Advertisement

Refugee Sees Hope Amid His Bitter Roots : Holocaust: In his native Germany, where once he encountered hatred, a retired Philadelphia baker has found open hearts.

Share
THE WASHINGTON POST

Alex Mathes, a retired baker in Philadelphia, swore never to return to the accursed country where he spent his first 26 years. He even forbade his children to set foot on German soil.

During Nazi rule, the people of Brand, the town his ancestors had called home for hundreds of years, hounded Mathes’ parents out of the bakery business, forced them out of their own house and finally packed them onto a transport train. Alex escaped, but most of his family was gassed in one death camp or another.

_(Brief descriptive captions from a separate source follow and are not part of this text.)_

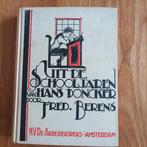 Uit de schooljaren van Hans Doncker van Fred.Berens uit 1929, Ophalen of Verzenden, Gelezen, Fictie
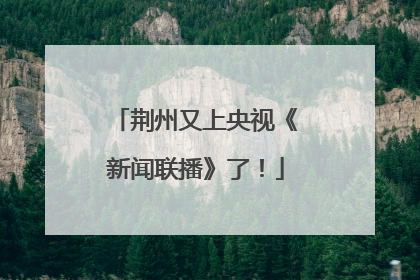 荆州又上央视《新闻联播》了！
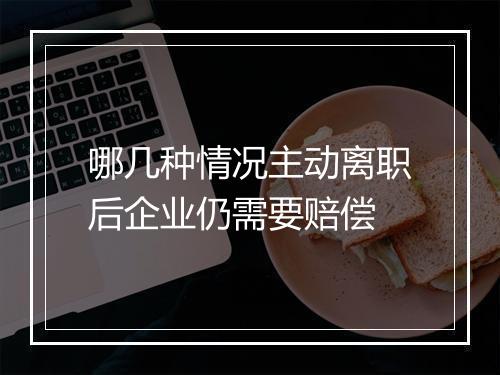 哪几种情况主动离职后企业仍需要赔偿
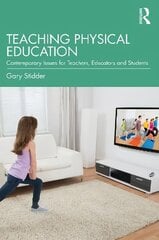 Teaching Physical Education: Contemporary Issues for Teachers, Educators and Students kaina ir informacija | Socialinių mokslų knygos | pigu.lt
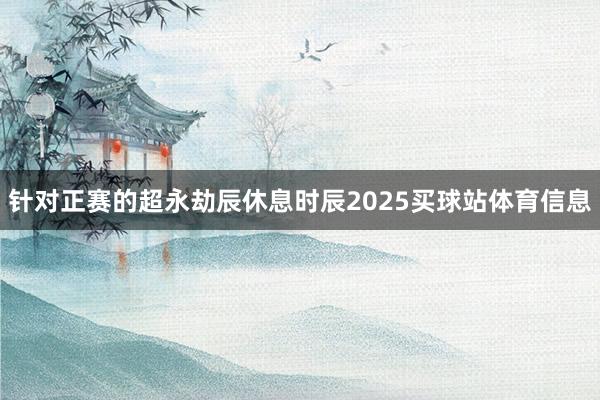 针对正赛的超永劫辰休息时辰2025买球站体育信息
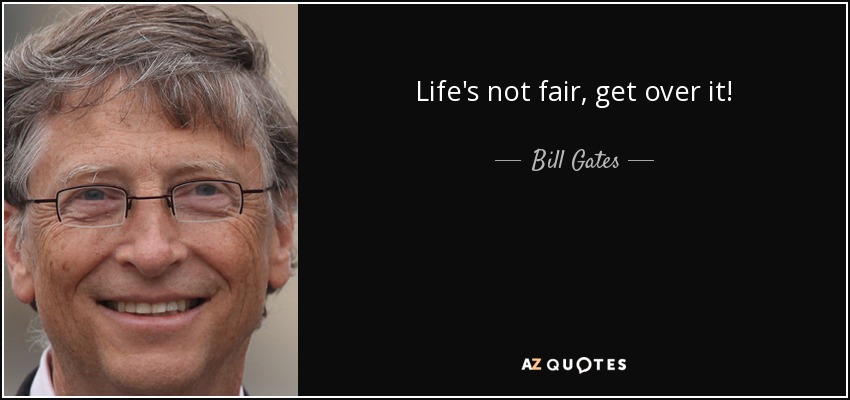 Life's not fair, get over it! - Bill Gates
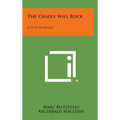 The Cradle Will Rock: A Play In Music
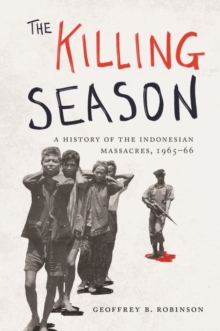 The Killing Season : A History of the Indonesian Massacres, 1965-66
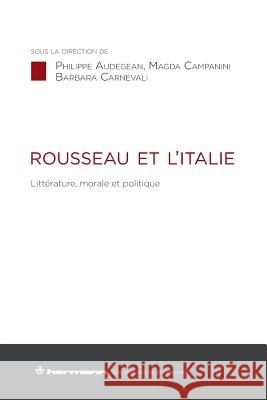 Rousseau et l'Italie: Litt?rature, morale et politique Philippe Audegean Magda Campanini Barbara Carnevali 9782705694265 Hermann - książka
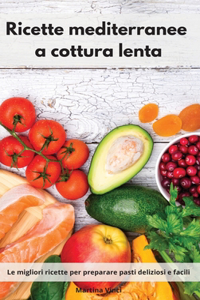 Ricette mediterranee a cottura lenta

So why is Alex Mathes, a compact, energetic man of 81, back in Brand? Why is he standing across the street from what was once his family’s bake shop, staring at the exterior of the house through six lanes of speeding truck traffic? And why can he not bring himself to cross the street, let alone to knock at the door?

Advertisement

What he sees through the distortions of time, memory and the sparkling eyes of an old man only Mathes knows. That he sees it at all is the doing of Bruno Kreus, a 56-year-old resident of Brand, a German bureaucrat and amateur historian who had never before met a Jew.

Kreus is a member of Brand’s local history association, a group of hobbyists who poke around old record books and cemetery stones, building family histories and churning out books read, at best, by a dozen or so people.

German local history groups are no different from those that flourish in small-town America, except that some German groups have a tendency to lose their concentration when it comes to the middle of the 20th Century.

But Kreus is not like that. When he turned to the Nazi period, his focus became sharper. He asked old Brand residents whether any Jews had lived in the village. When he got vague answers, he turned to the record books.

“I found that there had been a Jewish kid only a few days apart from me in age,” he says. “He was gassed. That really hit me. The scales dropped from my eyes, and I realized that the end came in the camps in Poland, but it started here. I realized there were Jews who left Brand who would have memories of the village then.”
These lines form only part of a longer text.